→ Provided data:
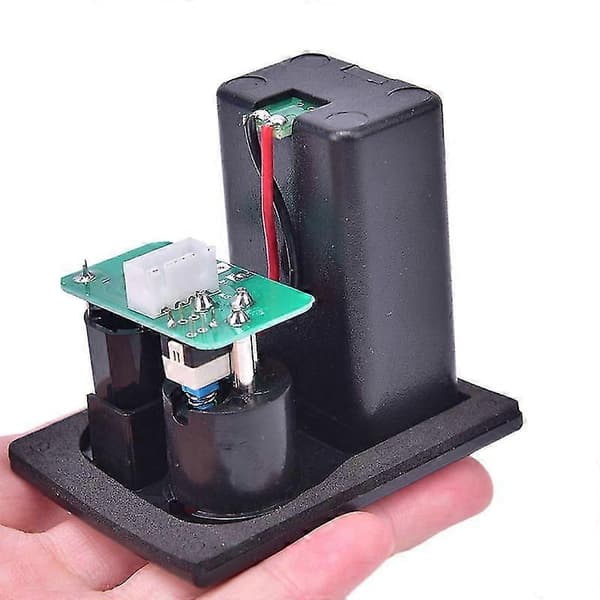 Batteriboks for LC-5 Akustisk Gitar Pickup Noir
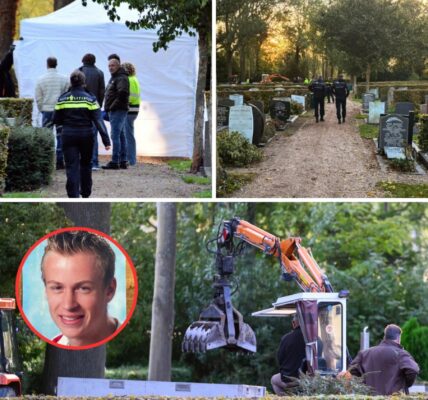 Lichaam Daniël van Vliet (21) opgegraven: politie vermoedt na 10 jaar toch misdrijf.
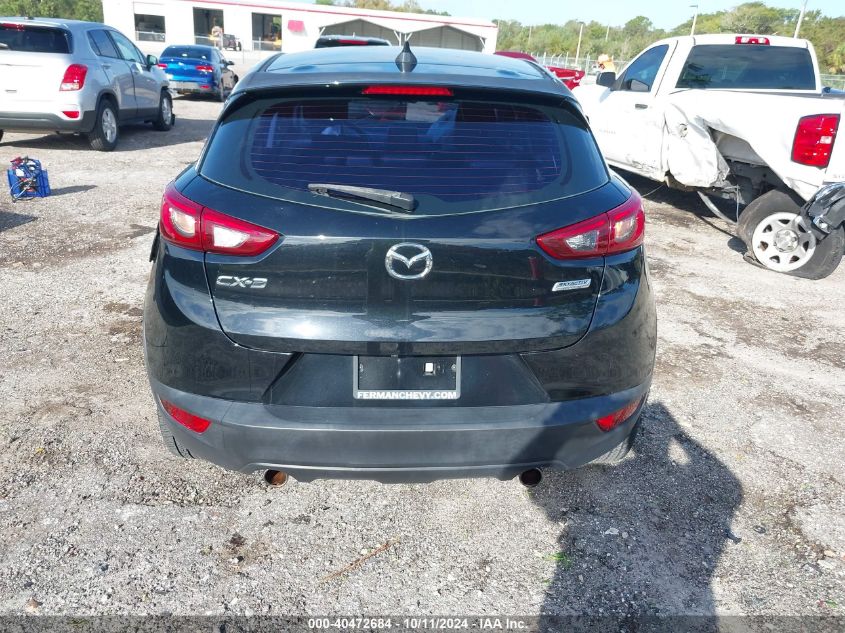 2016 Mazda Cx-3 Grand Touring VIN: JM1DKBD76G0107658 Lot: 40472684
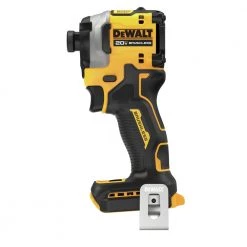 Dewalt DCF850B ATOMIC 20V MAX Brushless Lithium-Ion 1/4 In. Cordless 3-Speed Impact Driver (Tool Only) -Dewalt Sales 2022 dewndcf850b c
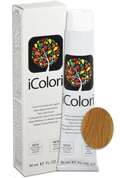 İcolori professional saç boyası “Çox açıq qızılı-mis sarışın” - № 9,34 90 ml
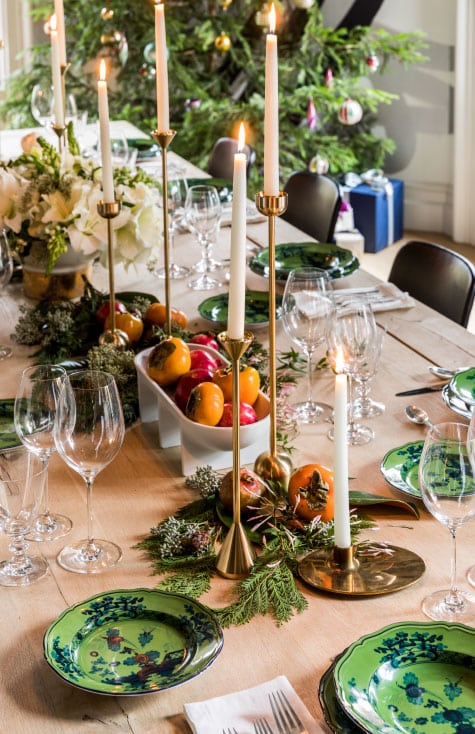 Sara Story's dining room table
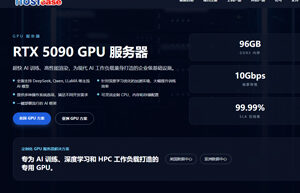 美国GPU服务器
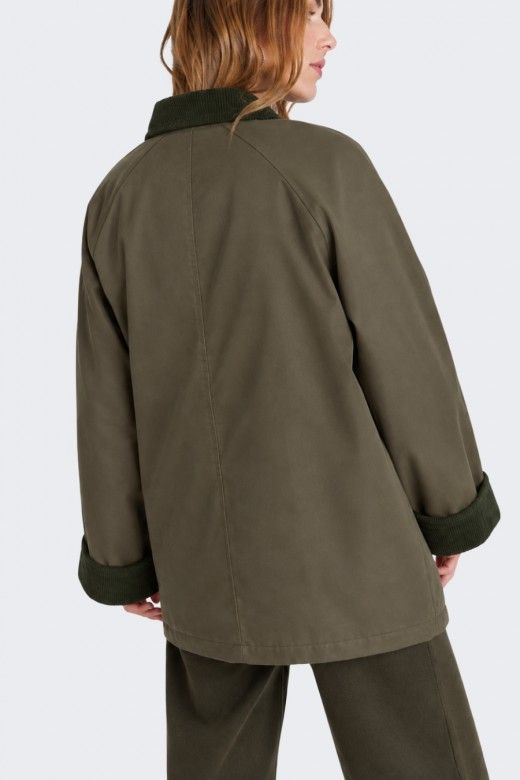 Vero Moda Wales Parka Gola Bombazine Mulher Vero Moda Wales Parka Gola Bombazine Mulher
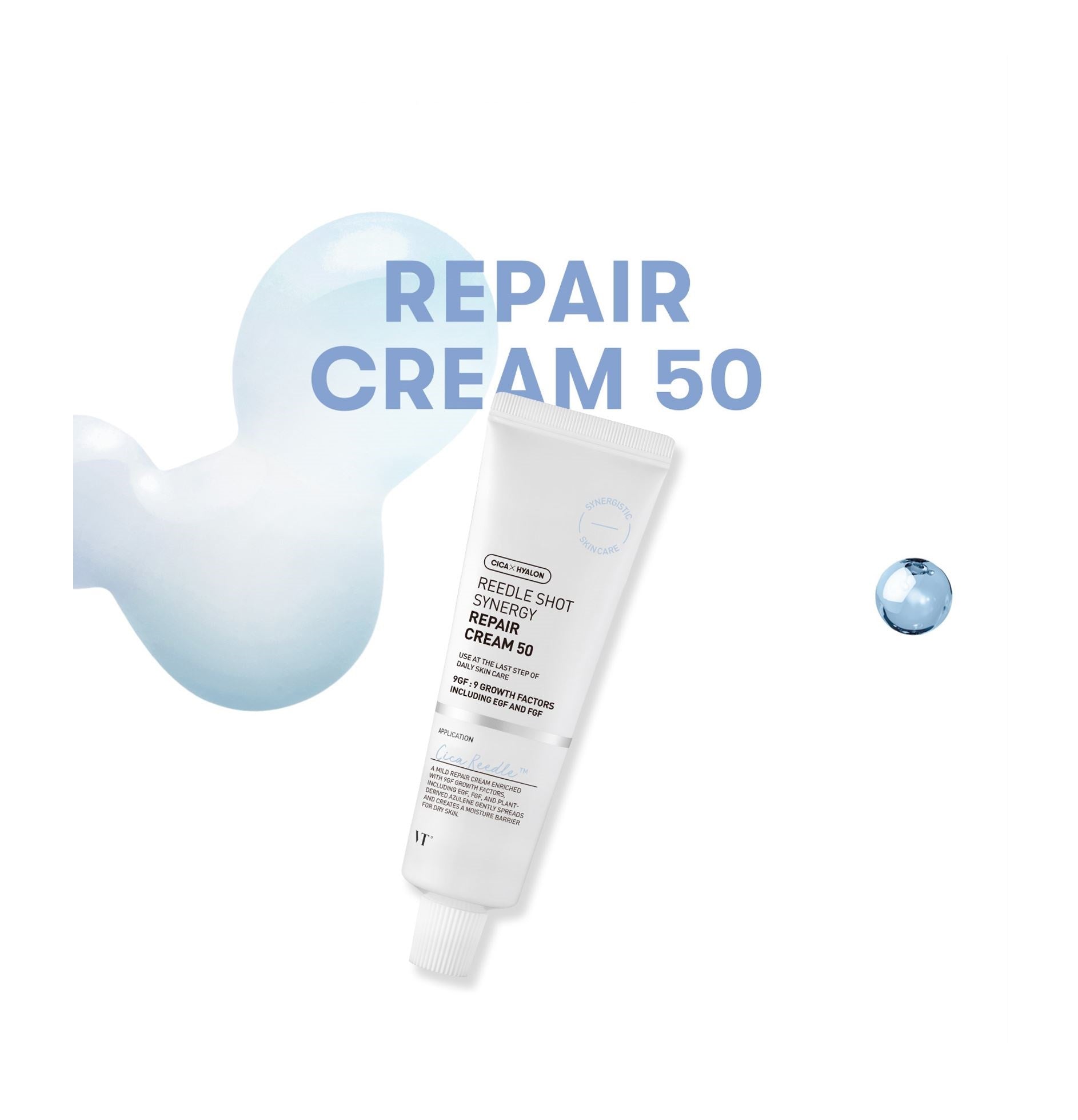 Reedle Shot Synergy Repair Cream 50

→ Action item:
Nothing but the lines from the first line of the listing above to the line containing "2016 Mazda Cx-3" should appear in the answer, each one exact and with no pictures.

→ Completed exercise:
 Batteriboks for LC-5 Akustisk Gitar Pickup Noir
 Lichaam Daniël van Vliet (21) opgegraven: politie vermoedt na 10 jaar toch misdrijf.
 2016 Mazda Cx-3 Grand Touring VIN: JM1DKBD76G0107658 Lot: 40472684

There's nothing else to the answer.